2006年4月9日日曜日

 私は川本真琴が好きです。歌に元気があふれて、それはもうはじけるようにはつらつとしていて、けれどその明るさのなかにはどことなく暗い影が差していて、そのギャップにひかれているのかも知れません。基本的に素直な歌。けれど屈折している。素敵であると思います。

もう桜の季節も過ぎようとしています。それぞれの季節に季節の歌があって、春の歌、それも桜の歌といったときに、私は川本真琴の『桜』を推したいと思います。一般に桜というと出てくる歌は森山直太朗の『さくら』であったりすることは私だってよくわかっているのですが、その中をあえて川本真琴の『桜』を推したいというのが私なのです。

でも、残念なことに、私にはその好きという川本真琴の『桜』を歌うには向かない声質で、きっと私ではあのはじける感じ、躍動感は出せないでしょう。少女と少年の合間、大人と子供の合間、移行期にあって神経質に揺れる気持ちのぴりぴりとしてけれど鮮やかな輝きは私のものではなくて、だから私はこの歌を歌いません。好きな歌であるけれど、好きであるゆえに歌うことのできないということもあるのですね。

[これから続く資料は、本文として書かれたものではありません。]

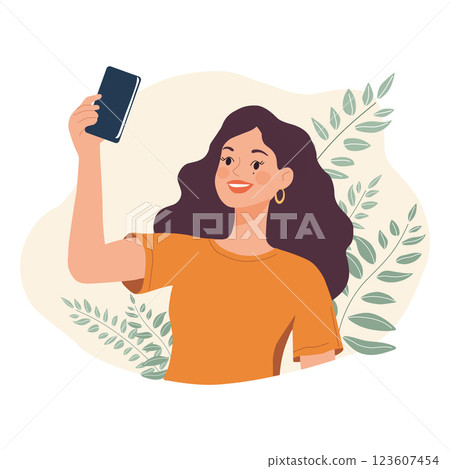 Woman takes a selfie on a smartphone camera with leaves in the background Woman takes a selfie on a smartphone camera with leaves in the background 123607454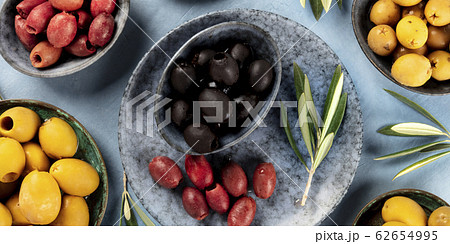 Olives flat lay panorama. Black, green and brown olives, shot from the top Olives flat lay panorama. Black, green and brown olives, shot from the top 62654995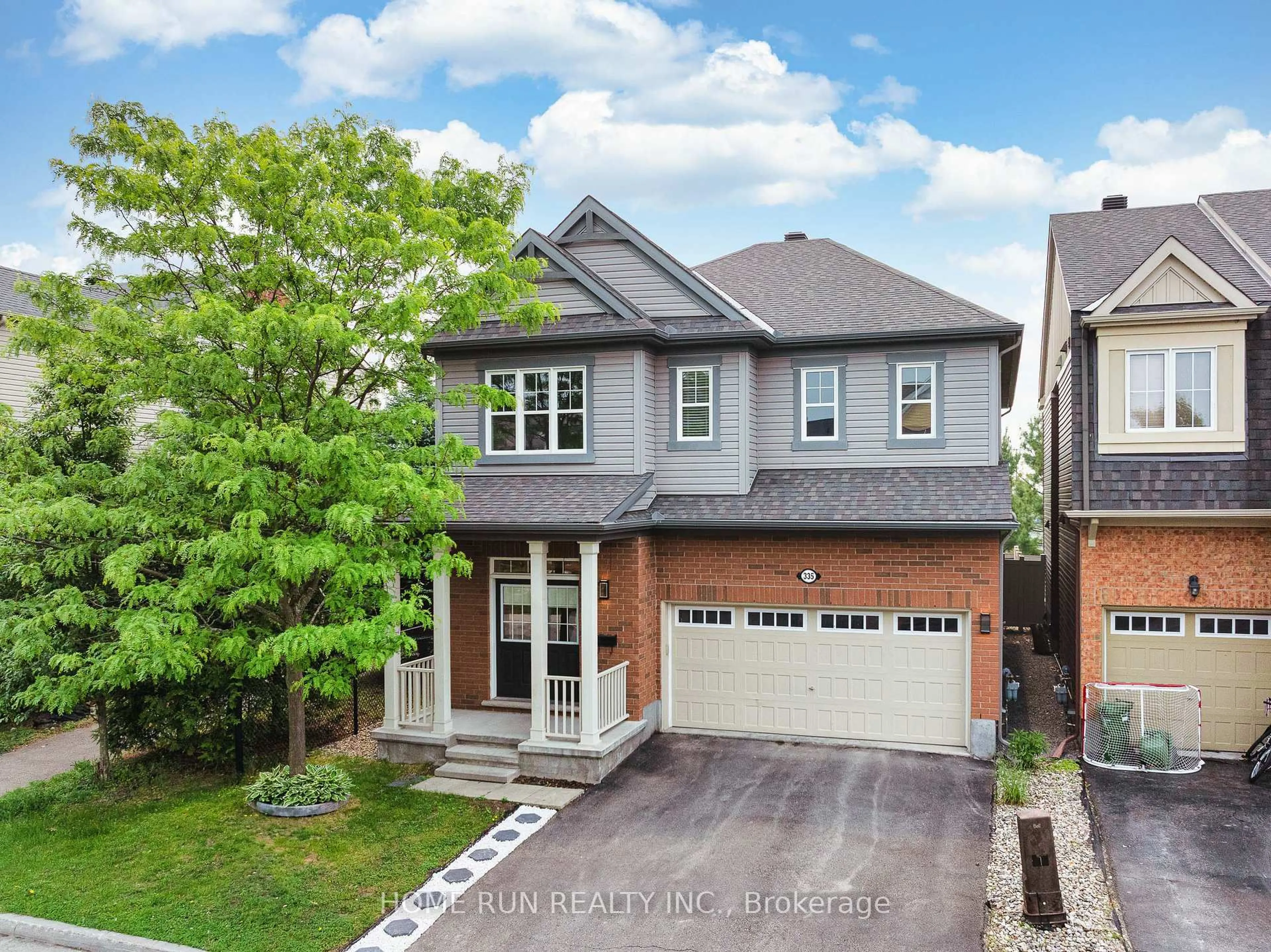 Home with brick exterior material, street for 335 Gallantry Way, Ottawa Ontario K2S 0P6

私はこの歌を歌わず、だからかわりに聴くのですが、聴けばやっぱり歌いたくなるのが悲しいところで、もしかしたらいつか私はこの歌を歌ってしまうのかも知れません。けれど、きっと、この歌のよさを引き出すことはできなくて、恨むでもないですが、私は女性に生まれたかったなと思うのではないかと思うんです。私は、別に今の性別に文句があるのではなくて、ただただ女声を自分のものとして歌いたいという欲求があって、そうした思いは例えば川本真琴なんかを聴いたときに強くあらわれて、これが無い物ねだりに過ぎないことはわかっています。けれど、わかっていながらも欲しいという思いはやまないのです。

私にとって川本真琴は境界線上に立つ人であり、それゆえにこんなにも好きだというのでしょう。『桜』という歌にしても、曖昧なところを揺れて、けれど曖昧には終わらず抜け出そうとするかのようで、そういうところが気に入っているのでしょう。

私は曖昧を愛して、どのカテゴリにもあえてはいろうとしない境界線上の人になりたいと思っていて、それが川本真琴が好きな理由であると思っています。多分、この理由。人には通じないだろうなあ。ええ、極めて個人的な理由であります。